In contemporary quantum physics research, critical efforts revolve around understanding the fundamental principles governing correlations and their emergence. These correlations hold significant promise for the creation of a new class of materials endowed with highly desirable attributes. This pursuit is particularly pertinent within the field of highly correlated materials, exemplified by superconductors, where many factors, including disorder, can have profound effects. Although the interplay between disorder and such materials may seem extremely complex at first, the structural aspects of disorder can nevertheless serve as targets for manipulating the properties of superconducting materials [1-4].

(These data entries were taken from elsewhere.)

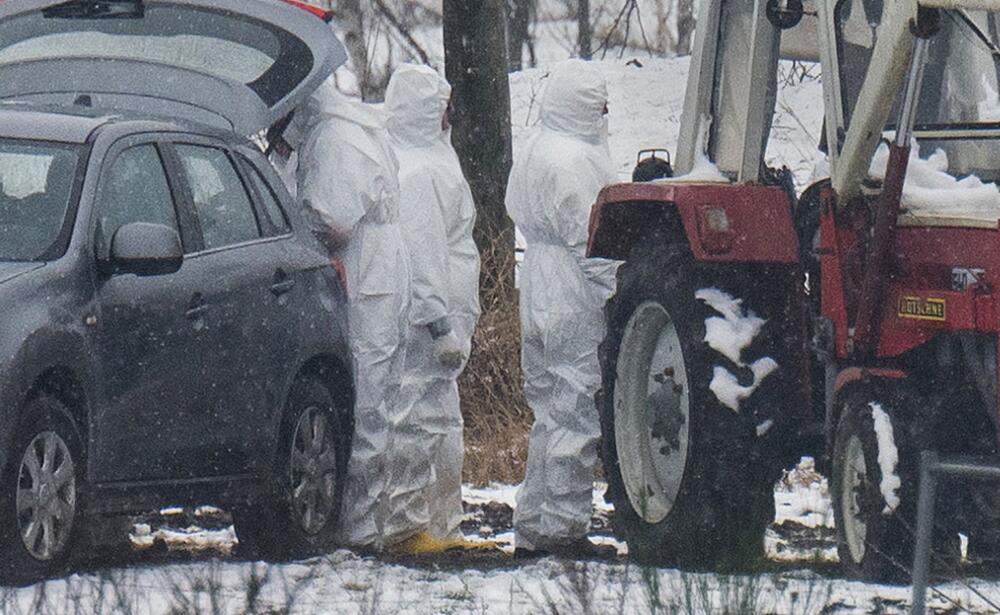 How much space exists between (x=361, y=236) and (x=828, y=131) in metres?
2.73

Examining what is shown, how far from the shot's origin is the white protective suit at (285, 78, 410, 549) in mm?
9508

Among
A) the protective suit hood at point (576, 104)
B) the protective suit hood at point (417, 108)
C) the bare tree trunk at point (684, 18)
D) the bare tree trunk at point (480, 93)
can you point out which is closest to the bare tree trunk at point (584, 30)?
the bare tree trunk at point (684, 18)

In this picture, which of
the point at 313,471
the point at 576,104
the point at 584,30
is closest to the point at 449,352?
the point at 576,104

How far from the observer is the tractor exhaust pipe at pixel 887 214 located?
22.5 ft

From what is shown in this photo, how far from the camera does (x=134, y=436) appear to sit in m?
7.41

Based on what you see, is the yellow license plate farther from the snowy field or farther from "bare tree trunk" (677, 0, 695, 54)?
"bare tree trunk" (677, 0, 695, 54)

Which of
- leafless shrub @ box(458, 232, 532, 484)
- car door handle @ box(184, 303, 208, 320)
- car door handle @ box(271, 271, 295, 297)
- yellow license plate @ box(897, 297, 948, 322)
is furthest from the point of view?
leafless shrub @ box(458, 232, 532, 484)

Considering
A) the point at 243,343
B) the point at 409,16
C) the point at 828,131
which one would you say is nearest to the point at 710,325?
the point at 828,131

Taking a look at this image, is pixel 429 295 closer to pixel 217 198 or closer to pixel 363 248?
pixel 363 248

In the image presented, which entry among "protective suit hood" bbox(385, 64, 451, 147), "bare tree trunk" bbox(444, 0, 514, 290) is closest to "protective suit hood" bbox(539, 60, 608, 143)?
"protective suit hood" bbox(385, 64, 451, 147)

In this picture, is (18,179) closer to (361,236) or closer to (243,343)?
(243,343)

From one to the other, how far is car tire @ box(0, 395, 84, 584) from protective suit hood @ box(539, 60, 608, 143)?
3.27 metres

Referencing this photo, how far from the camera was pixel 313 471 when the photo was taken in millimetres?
8828

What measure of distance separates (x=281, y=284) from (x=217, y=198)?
38 centimetres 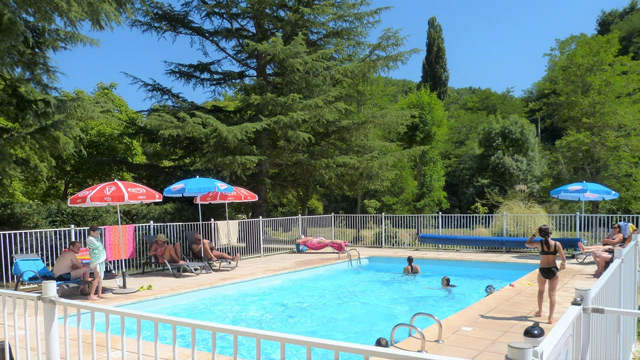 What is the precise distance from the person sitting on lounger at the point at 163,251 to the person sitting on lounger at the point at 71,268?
8.54 feet

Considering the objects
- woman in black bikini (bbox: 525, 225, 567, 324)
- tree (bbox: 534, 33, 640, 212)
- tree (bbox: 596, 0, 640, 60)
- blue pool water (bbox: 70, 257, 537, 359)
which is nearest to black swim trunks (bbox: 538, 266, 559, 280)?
woman in black bikini (bbox: 525, 225, 567, 324)

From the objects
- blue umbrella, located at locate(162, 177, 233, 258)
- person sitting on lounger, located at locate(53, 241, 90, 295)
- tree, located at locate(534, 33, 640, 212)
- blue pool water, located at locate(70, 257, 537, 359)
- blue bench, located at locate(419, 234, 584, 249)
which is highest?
tree, located at locate(534, 33, 640, 212)

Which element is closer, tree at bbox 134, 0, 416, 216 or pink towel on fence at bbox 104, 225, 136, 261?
pink towel on fence at bbox 104, 225, 136, 261

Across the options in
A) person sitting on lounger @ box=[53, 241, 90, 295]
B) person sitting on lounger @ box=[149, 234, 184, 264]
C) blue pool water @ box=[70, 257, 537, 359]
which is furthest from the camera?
person sitting on lounger @ box=[149, 234, 184, 264]

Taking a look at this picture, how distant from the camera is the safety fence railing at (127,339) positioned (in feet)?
8.34

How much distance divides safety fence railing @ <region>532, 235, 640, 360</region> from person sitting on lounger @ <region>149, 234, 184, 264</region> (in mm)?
9954

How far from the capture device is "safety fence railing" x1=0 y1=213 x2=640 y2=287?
539 inches

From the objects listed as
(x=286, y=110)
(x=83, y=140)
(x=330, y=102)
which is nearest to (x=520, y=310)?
(x=286, y=110)

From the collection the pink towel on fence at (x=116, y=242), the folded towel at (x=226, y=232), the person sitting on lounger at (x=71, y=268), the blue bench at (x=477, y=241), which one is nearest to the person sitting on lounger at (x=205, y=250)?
the folded towel at (x=226, y=232)

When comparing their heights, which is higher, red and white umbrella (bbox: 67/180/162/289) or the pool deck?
red and white umbrella (bbox: 67/180/162/289)

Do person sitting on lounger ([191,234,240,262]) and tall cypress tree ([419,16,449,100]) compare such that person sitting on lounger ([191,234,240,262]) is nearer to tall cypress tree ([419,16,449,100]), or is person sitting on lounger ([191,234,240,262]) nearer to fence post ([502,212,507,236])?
fence post ([502,212,507,236])

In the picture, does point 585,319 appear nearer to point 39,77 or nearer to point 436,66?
point 39,77

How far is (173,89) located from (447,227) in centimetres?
1338

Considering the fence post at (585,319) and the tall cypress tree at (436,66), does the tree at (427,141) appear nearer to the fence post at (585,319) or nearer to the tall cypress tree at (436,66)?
the tall cypress tree at (436,66)
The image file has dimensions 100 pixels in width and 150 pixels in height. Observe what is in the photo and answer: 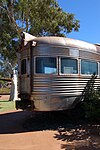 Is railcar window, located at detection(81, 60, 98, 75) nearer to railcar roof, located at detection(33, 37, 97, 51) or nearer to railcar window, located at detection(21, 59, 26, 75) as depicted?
railcar roof, located at detection(33, 37, 97, 51)

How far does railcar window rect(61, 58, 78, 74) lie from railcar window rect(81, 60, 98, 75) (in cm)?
41

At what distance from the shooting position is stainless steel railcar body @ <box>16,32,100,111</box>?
10656 mm

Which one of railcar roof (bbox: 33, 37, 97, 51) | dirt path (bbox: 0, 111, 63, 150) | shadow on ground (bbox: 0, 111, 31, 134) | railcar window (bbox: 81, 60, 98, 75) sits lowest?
dirt path (bbox: 0, 111, 63, 150)

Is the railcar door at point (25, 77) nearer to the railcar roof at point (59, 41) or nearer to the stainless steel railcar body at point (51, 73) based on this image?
the stainless steel railcar body at point (51, 73)

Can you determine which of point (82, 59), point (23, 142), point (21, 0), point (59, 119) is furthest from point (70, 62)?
point (21, 0)

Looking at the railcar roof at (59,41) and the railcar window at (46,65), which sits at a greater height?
the railcar roof at (59,41)

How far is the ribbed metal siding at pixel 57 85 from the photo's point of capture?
1064cm

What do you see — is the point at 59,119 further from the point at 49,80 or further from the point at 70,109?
the point at 49,80

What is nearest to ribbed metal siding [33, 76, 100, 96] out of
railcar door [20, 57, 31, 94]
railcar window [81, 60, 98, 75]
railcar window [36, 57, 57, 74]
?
railcar window [36, 57, 57, 74]

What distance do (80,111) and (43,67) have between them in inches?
96.9

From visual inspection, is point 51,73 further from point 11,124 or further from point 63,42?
point 11,124

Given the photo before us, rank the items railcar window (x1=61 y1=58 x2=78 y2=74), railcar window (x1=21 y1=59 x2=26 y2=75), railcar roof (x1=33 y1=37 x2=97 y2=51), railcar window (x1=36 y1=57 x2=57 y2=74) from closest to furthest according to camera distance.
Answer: railcar window (x1=36 y1=57 x2=57 y2=74) < railcar roof (x1=33 y1=37 x2=97 y2=51) < railcar window (x1=61 y1=58 x2=78 y2=74) < railcar window (x1=21 y1=59 x2=26 y2=75)

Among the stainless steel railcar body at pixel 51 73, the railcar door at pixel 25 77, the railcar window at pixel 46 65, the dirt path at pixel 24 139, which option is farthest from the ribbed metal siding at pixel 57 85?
the dirt path at pixel 24 139

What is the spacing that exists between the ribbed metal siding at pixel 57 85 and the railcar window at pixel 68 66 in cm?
24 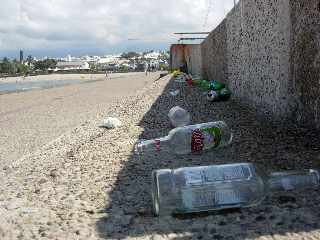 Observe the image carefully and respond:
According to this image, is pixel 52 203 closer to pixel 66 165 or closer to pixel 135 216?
pixel 135 216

Interest in the interplay between superconductivity and disorder has recently increased greatly due to new findings both in theory and in experiment [5-13]. Previous investigations primarily centered on probing the impact of disorder strength with a focus on improving superconducting characteristics. Consequently, it is now well established that increased levels of disorder can substantially improve key parameters of superconductivity. The studies have unveiled notable superconductivity enhancement in quasi-one-dimensional single crystals composed of weakly bound MoSe chains and sodium atoms [14]. Similarly, experiments with TaS2 monolayers have demonstrated an anomalous boost in superconductivity, which is also attributed to a presence of significant structural disorder [15]. Disorder-related effects have been implicated in the observed increase of the critical temperature in recently discovered NbSe2 superconducting monolayers [16]. Theoretical investigations attribute this enhancement to the disorder-induced multifractal structure of electronic wave functions [17,18], as revealed through numerical solutions of microscopic theory equations in low-dimensional samples [19,20].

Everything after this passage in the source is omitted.